Rodzina była pod obserwacją
Jak informuje Gabriela Trzeciakowska, dyrektor Miejsko-Gminnego Ośrodka Pomocy Społecznej w Mroczy, rodzina chłopca już wcześniej była pod obserwacją. Pod koniec ubiegłego tygodnia asystent rodziny otrzymał anonimowy sygnał, że dziecku może dziać się krzywda. Jak się okazało, obawy te nie były bezpodstawne.
Interwencja z udziałem dzielnicowego i pracownika socjalnego miała miejsce w piątek, 14 lutego. W pierwszej kolejności niemowlę zostało dowiezione do lekarza, który skierował je na szczegółowe badania. Razem z 25-letnią matką zostało przewiezione karetką do szpitala w Bydgoszczy.

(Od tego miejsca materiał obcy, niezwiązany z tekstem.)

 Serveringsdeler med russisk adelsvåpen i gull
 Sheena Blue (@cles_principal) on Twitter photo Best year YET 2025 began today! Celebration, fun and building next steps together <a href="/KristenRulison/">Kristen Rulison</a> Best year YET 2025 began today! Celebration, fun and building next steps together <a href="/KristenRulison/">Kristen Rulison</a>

Jak udało nam się dowiedzieć, chłopiec przebywa obecnie w bydgoskim szpitalu im. dr. A. Jurasza. Informacji o stanie jego zdrowia szpital nie udziela.
Usłyszała zarzuty
Matkę chłopca policjanci zatrzymali w niedzielę na terenie Bydgoszczy. Niedługo później w Mroczy zatrzymano też jej 28-letniego konkubenta.
- W sprawie powołano biegłego, który ma określić, kiedy powstały obrażenia u dziecka i jaki był mechanizm ich powstania. Znana jest wersja przedstawiana przez matkę, jakoby chłopiec spadł kanapy, jednak nie można wykluczyć, że do powstania jego obrażeń przyczyniły się inne osoby – informuje podkom. Justyna Andrzejewska.

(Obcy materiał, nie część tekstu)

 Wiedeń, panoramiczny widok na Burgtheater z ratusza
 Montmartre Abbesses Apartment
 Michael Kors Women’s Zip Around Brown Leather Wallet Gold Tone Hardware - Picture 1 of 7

Materiały zgromadzone w sprawie przez policję zostały już przekazane do oceny prokuratorowi, który zdecydował o przedstawieniu kobiecie zarzutów znęcania się ze szczególnym okrucieństwem nad 8-miesięcznym synem i 4 letnią córką.
Posiedzi w areszcie
W niedzielę odbyło się posiedzenie sądu, na którym zdecydowano, że 25-latka najbliższe trzy miesiące spędzi w areszcie. Dzisiaj zapadną dalsze decyzje w sprawie zatrzymanego 28-latka.
Jak się dowiedzieliśmy, matka 8-miesięcznego chłopczyka jest już znana policji.
- Kobieta była notowana za przestępczość przeciwko mieniu, a także narkotykową - potwierdza podkom. Justyna Andrzejewska.